Global Witness recommends that firms should demonstrate compliance with each of the five steps of the OECD Due Diligence Guidelines for Responsible Supply Chains of Minerals, which provides recommendations for how companies can respect human rights and avoid contributing to conflict when sourcing minerals.
Specifically, the report says firms should improve information on their suppliers' supply chains, directly engage with smelters and refiners, provide specific examples of risks of humans rights abuses in their supply chain and develop robust management processes to mitigate these risks.
Just over 20 percent of the firms Global Witness examined were able to meet the minimum requirements of the Dodd-Frank act - including Cisco, HP, Intel and Microsoft. The report says their progress demonstrates compliance "is possible" among companies with complex supply chains.

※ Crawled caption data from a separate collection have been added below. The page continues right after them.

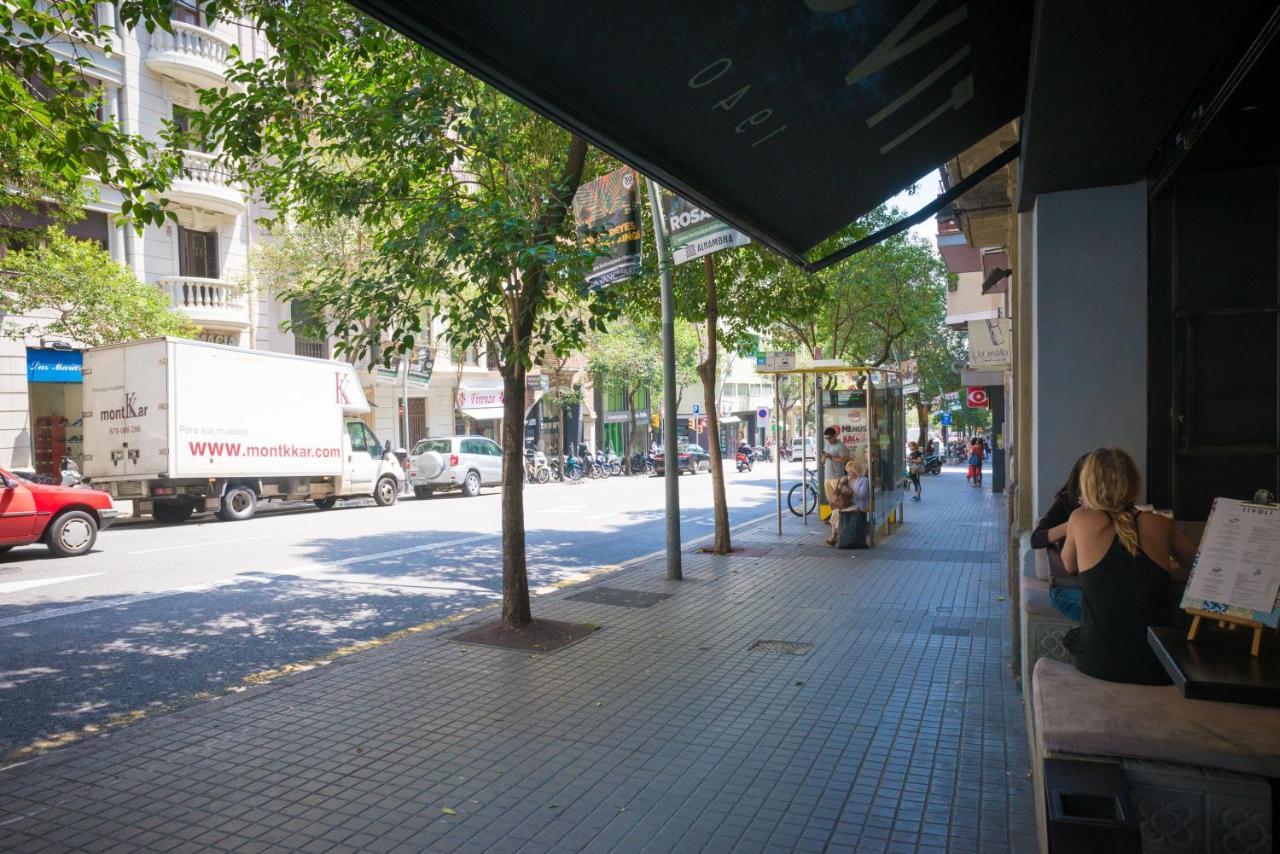Senator Barcelona Apartments Exterior foto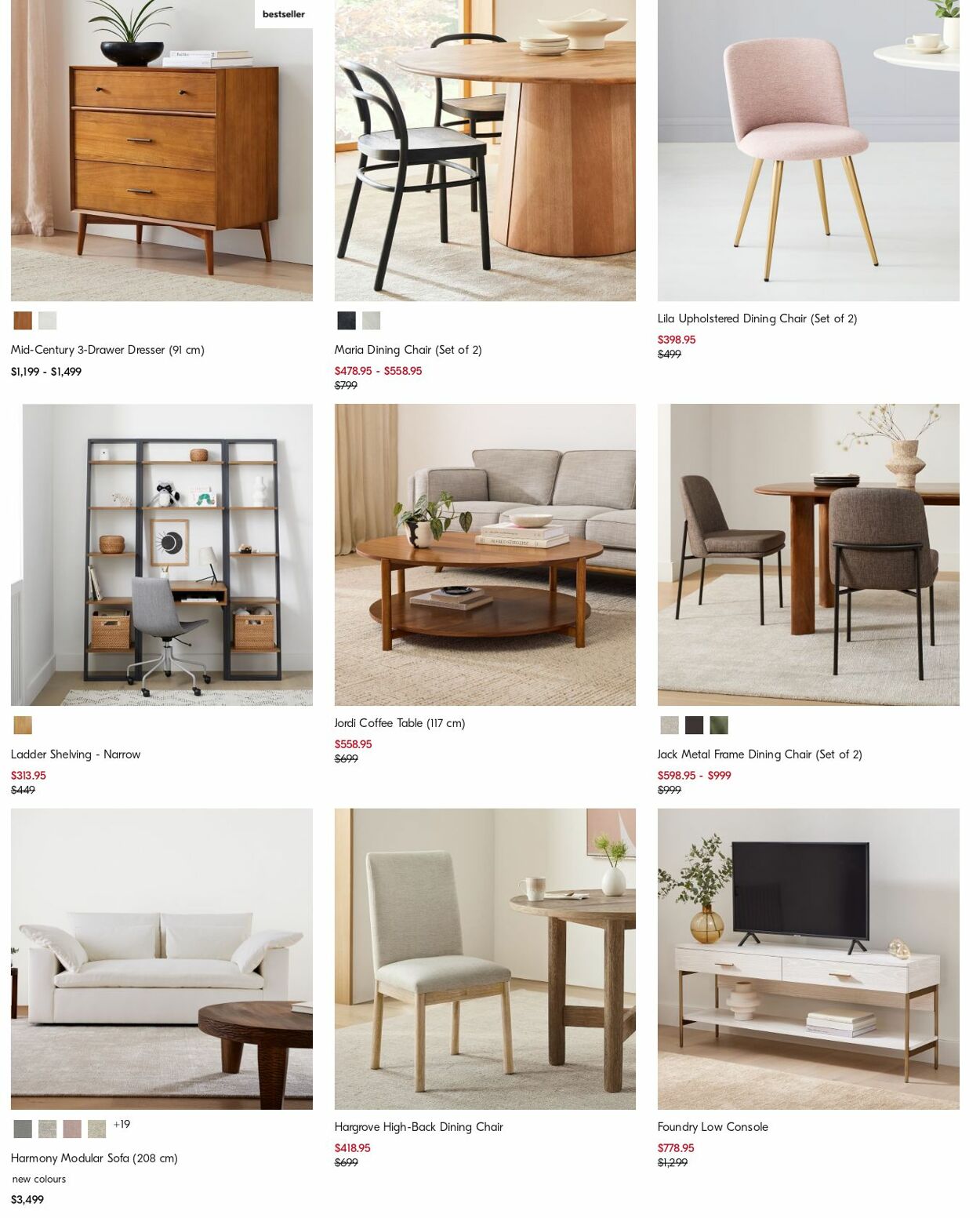 Catalogue West Elm 23.10.2023 - 01.11.2023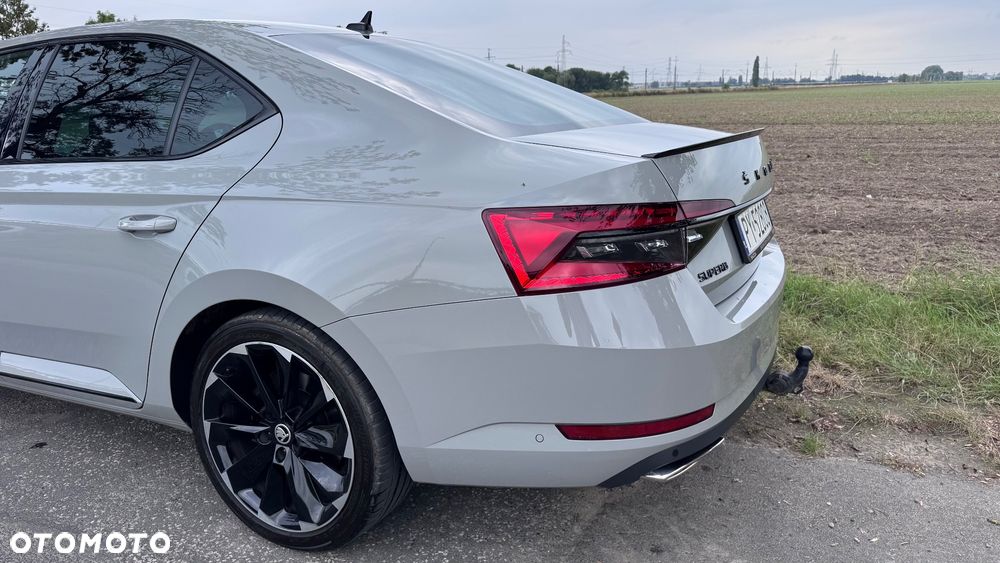 Skoda Superb 2.0 TSI 4x4 Sportline DSG - 12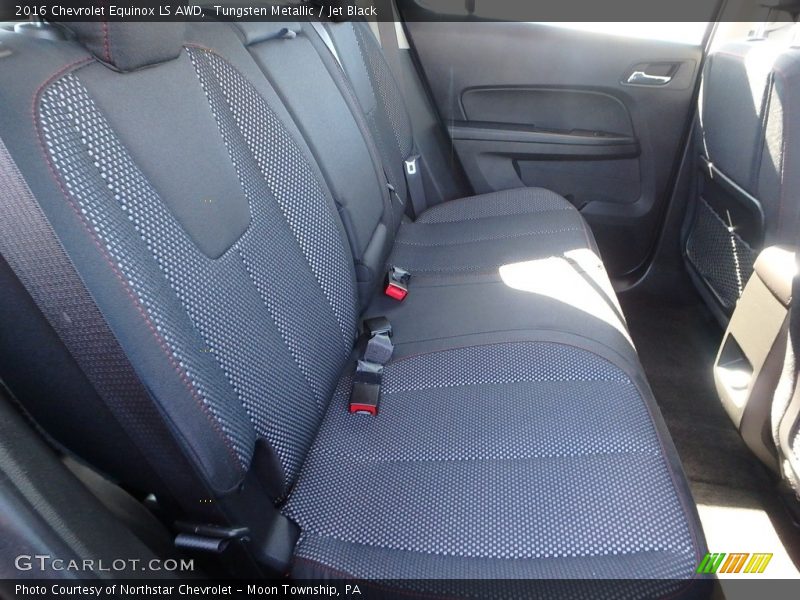 Tungsten Metallic / Jet Black 2016 Chevrolet Equinox LS AWD
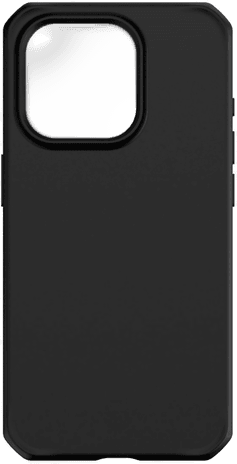 Itskins Spectrum R Silk Deksel iPhone 15 Pro Max Svart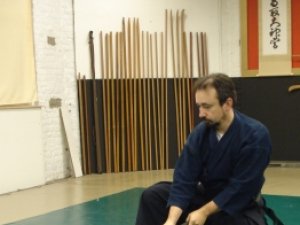 Cours Katori Shinto Ryu l&#039;art des samourais Bruxelles Belgique
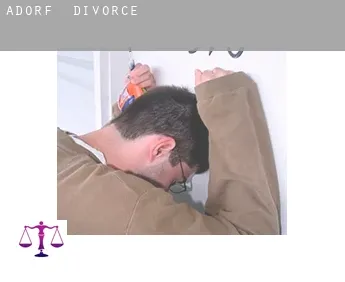 Adorf  divorce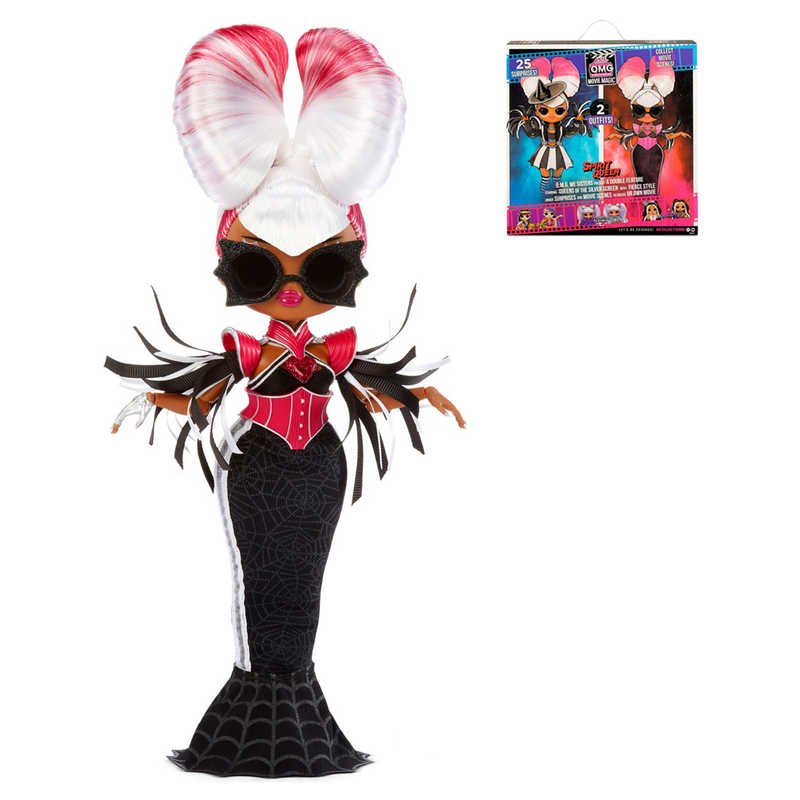 L.O.L. Surprise! OMG Movie Magic panenka Spirit Queen Velká ségra 25 prekvapení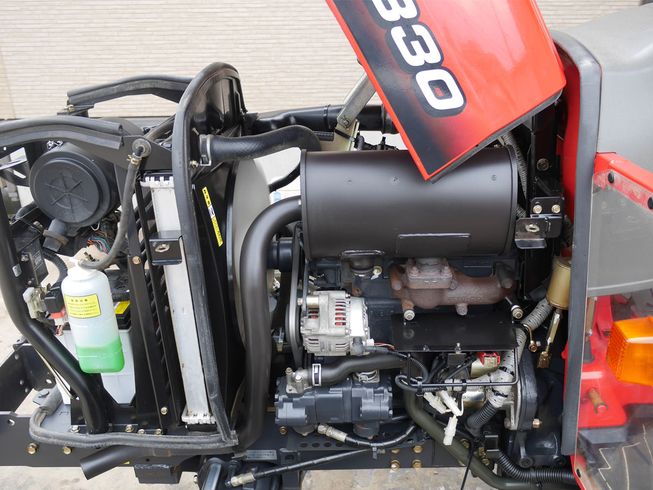 トラクター エコトラ EF330 写真８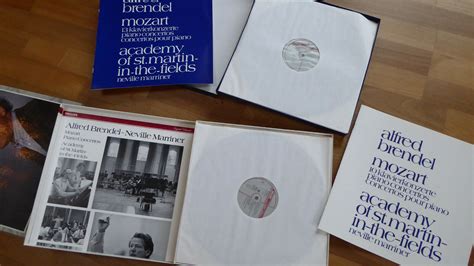 Popsike Vinyl Alfred Brendel The Piano Concertos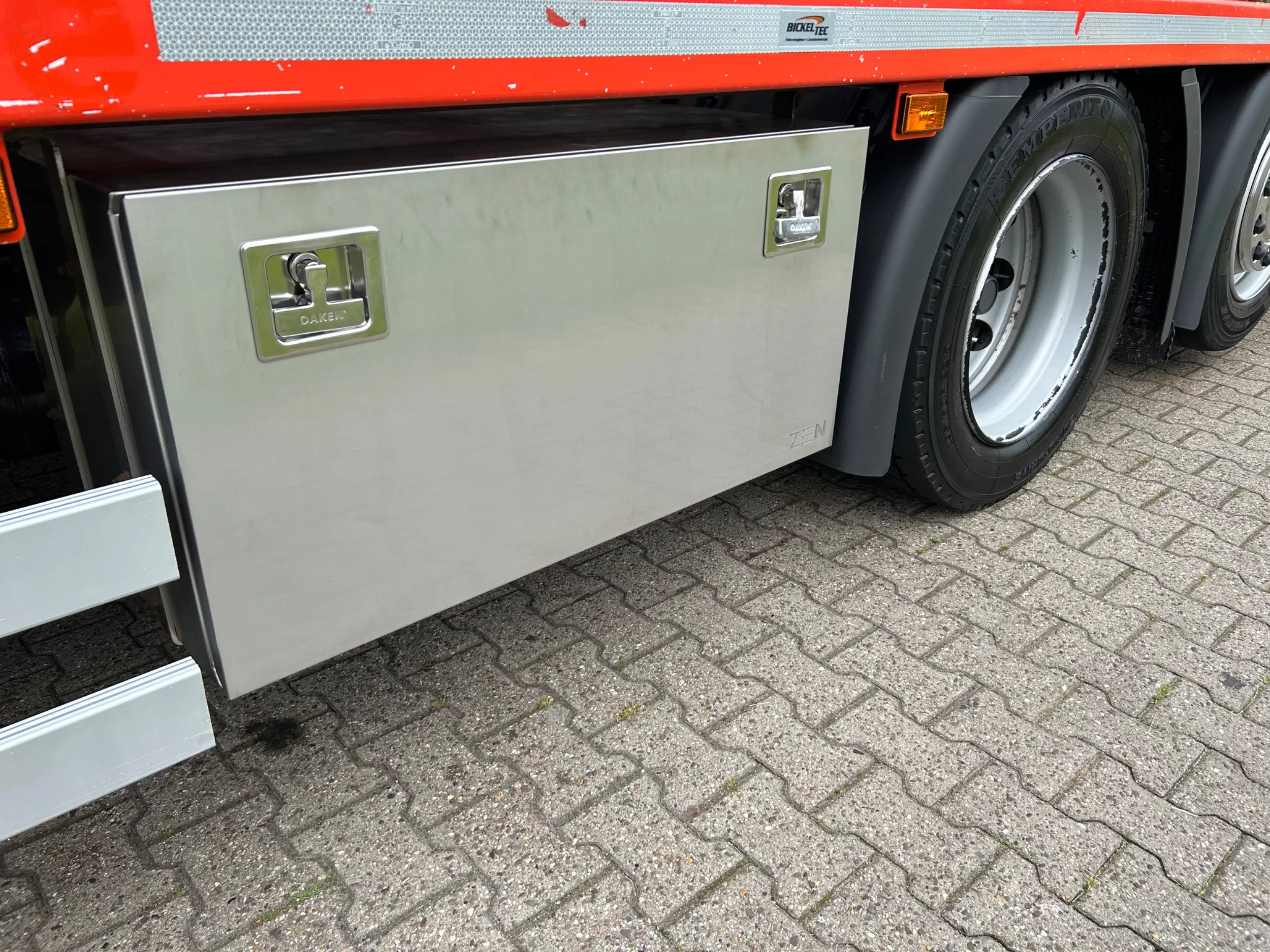 Scania G 2022 - G450 | 8x2*6 | 8.80 mtr laadbak | 102 cm bak hoogte | afbeelding 16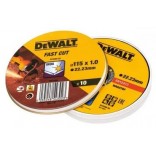 DISCOS DE CORTE INOX DEWALT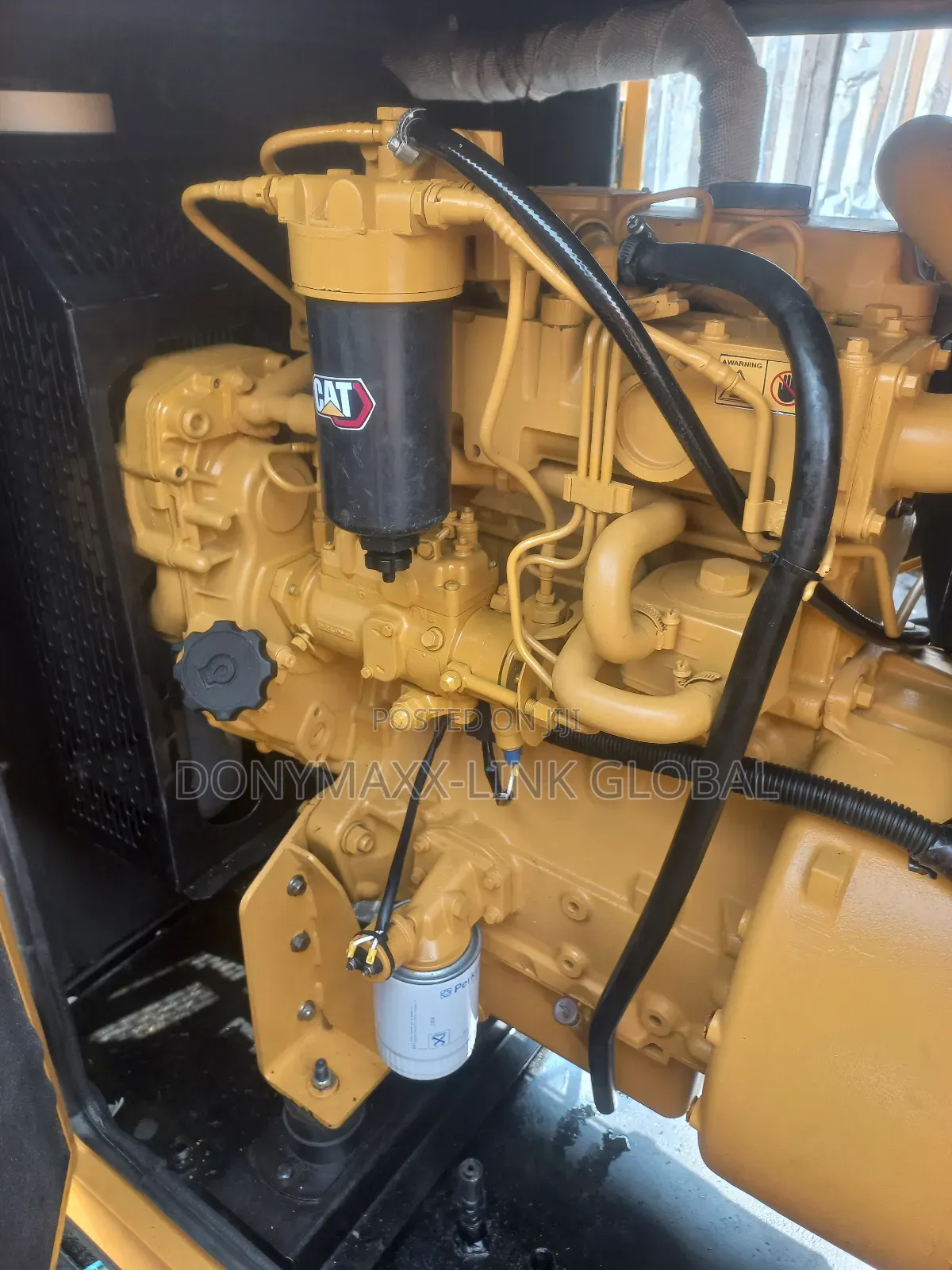 65kva Mantrac Caterpillar Generator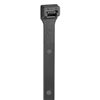 TYL300MX CABLE TIE 250LB 12IN BLK NYL RLSBLE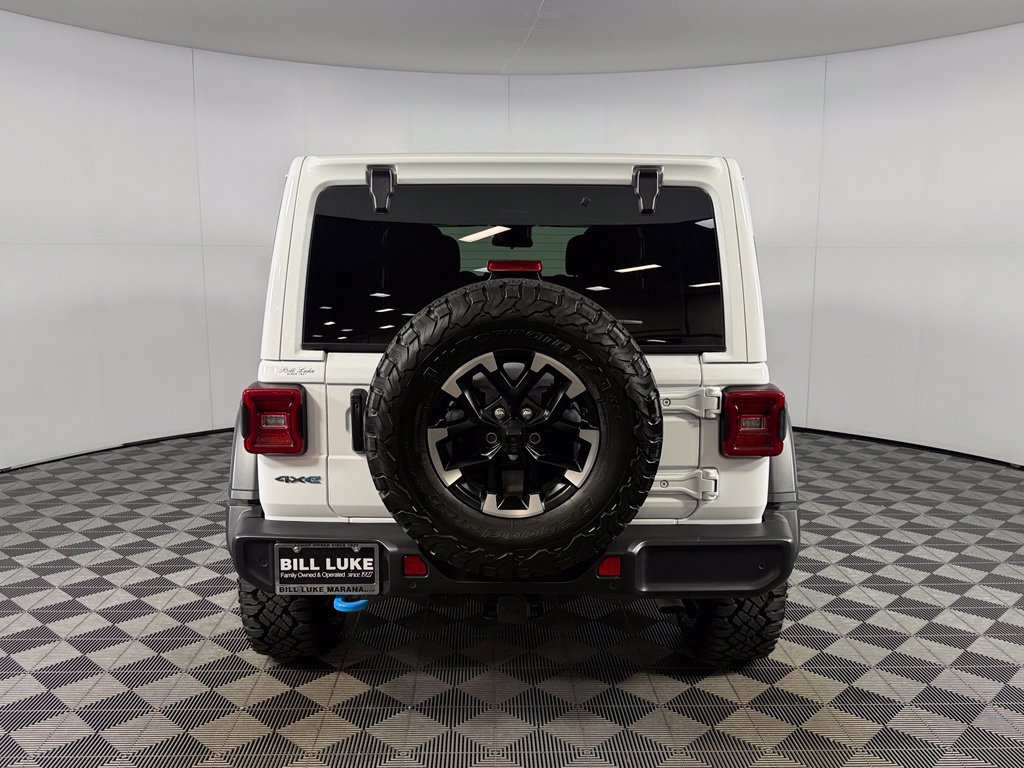Used 2024 Jeep Wrangler Unlimited Rubicon 4xe w/ Safety Group AWD/4WD image 9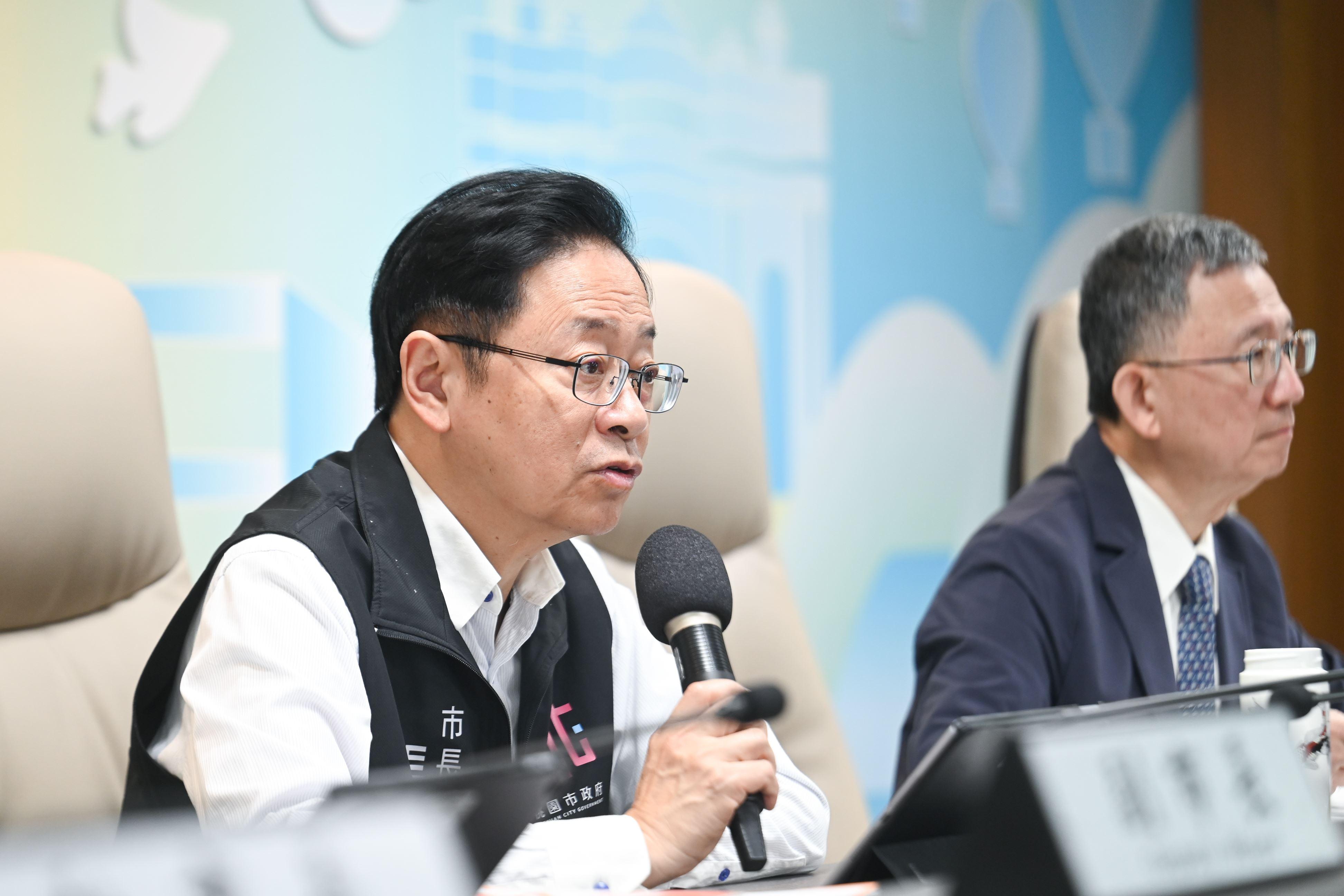 桃園市強化營建及裝修工地火災氣爆安全維護　張善政市長：持續精進守護市民生活環境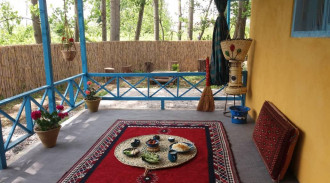 رزرو بوم گردی امی وی جا سنگر (دست افشان)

Among the companies Global Witness identified as having failed to comply with the requirements of the law there was a great variability in the quality of their reports. Some firms - generally less well-known companies - provided very scant detail, while other, generally larger companies, provided a most of information required but failed to satisfy one or two key areas, such as how they assessed risk in their supply chain.
The SEC has not commented on the quality of the conflict minerals filings it has received and has taken no action against firms in regard to these filings. Similar to other filing requirements, the SEC has the power to delist a company from the stock exchange, but this is used extremely rarely, with fines being more common.
Firms will have to file their second conflict minerals reports by June this year, and Nathaniel Dyer, campaign leader for the DRC at Global Witness, said it was important they improve on their initial reports.
"There is a crisis still going on in eastern Congo. There are many different armed groups, some of which rely on the control of mines and mining trade routes in order to earn funds.
"European and American companies have an obligation to ensure they are not bankrolling armed groups overseas and the best way to to do that is to properly implement supply chain due diligence."
Google and Oracle refused to comment and Amazon had not responded at the time of going to press.
An IBM spokesman said the firm "expects our direct suppliers and, in turn, their upstream suppliers to adhere to the Electronic Industry Citizenship Coalition (EICC) code of conduct and procure minerals from responsible sources".